History

United Kingdom
- Name: Forth
- Builder: Robert Menzies & Sons, Leith
- Launched: 25 February 1826
- Fate: Foundered without a trace in 1835

General characteristics
- Tons burthen: 369 (bm)
- Propulsion: Sail

= Forth (1826 ship) =

Forth was built in 1826 at Leith, Scotland. She made two voyages transporting convicts to New South Wales. After disembarking the convicts from her second voyage she sailed to Manila. She sailed from Manila in July 1835 and subsequently foundered without a trace.

==Career==
Forth first appeared in Lloyd's List (LR), in the issue for 1826.

| Year | Master | Owner | Trade | Source |
|---|---|---|---|---|
| 1826 | Robertson | Duncanson | Lieth–Merimac | LR |

In 1813 the British East India Company (EIC) had lost its monopoly on the trade between India and Britain. British ships were then free to sail to India or the Indian Ocean under a licence from the EIC. In the late 1820s, Forth, master, sailed between Great Britain and Mauritius.

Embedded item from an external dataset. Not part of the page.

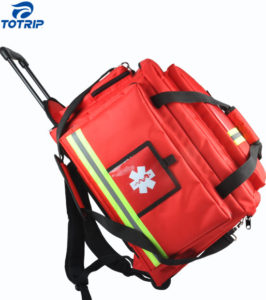 Waterproof 1680D Supper Capacity Empty Survival molle medical EMT Trauma hidden trolley Bag QPFA-033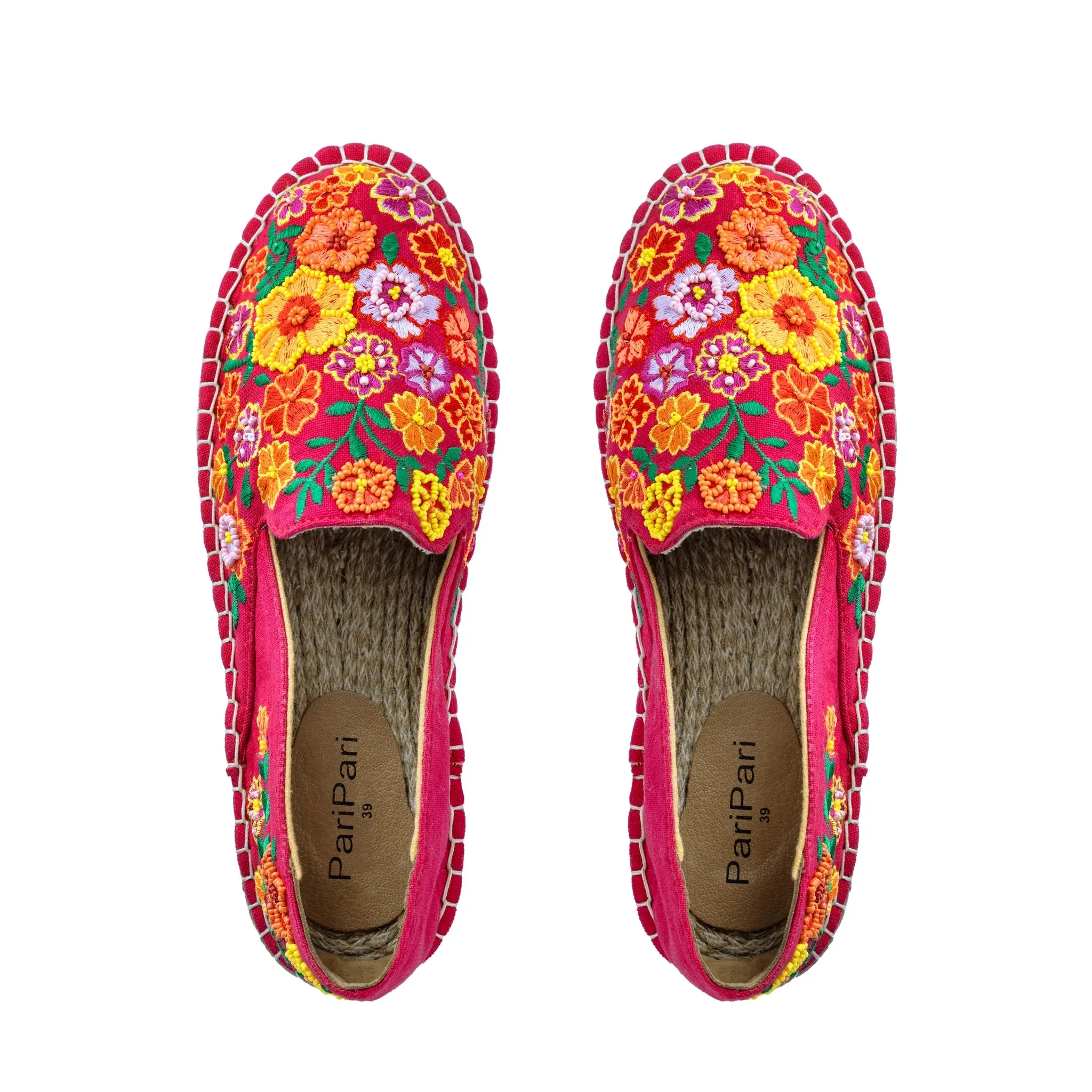Bageecha Pink Espadrilles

On her first convict voyage, under the command of J. Robertson and surgeon J. Cook, she sailed from Cork, Ireland on 3 June 1830, and arrived at Port Jackson on 12 October 1830. She had embarked 120 female convicts, all of whom survived the voyage. Forth left Port Jackson on 20 February 1831 bound for London with a cargo of merchandise. She arrived back at England on 13 July 1831.

Forth left London on 31 November 1831 and arrived in Launceston on 6 April 1832. She left Launceston 22 September and arrived back at Dover on 15 February 1833. In 1833–34 she made a second voyage to Van Diemen's Land, returning 24 July 1834.

In December 1834 it was reported in Tasmania that Captain Robertson had resigned the command of Forth to his first officer, Mr. Hutton. (Note: This and some other press items, are important in that they establish that it was this Forth, and not another convict transport , that made the convict voyage below. Bateson, who has the most complete record of convict voyages, left the issue open. Lloyd's Register was undergoing difficulties at the time and had not been updated.)

During her second convict voyage, under the command of Henry Hutton and surgeon Thomas Robertson, she sailed from Cork, Ireland on 21 October 1834, and arrived at Port Jackson on 3 February 1835. She had embarked 196 male convicts, one of whom died on the voyage. One officer and 29 other ranks from the 50th Regiment of Foot, plus a junior officer from another regiment, provided the guard. Forth left Port Jackson on 28 February 1835 bound for Manila in ballast.

==Fate==
Forth departed from Manila on 17 July 1835 for London. She disappeared without a trace and was presumed to have foundered with the loss of all hands.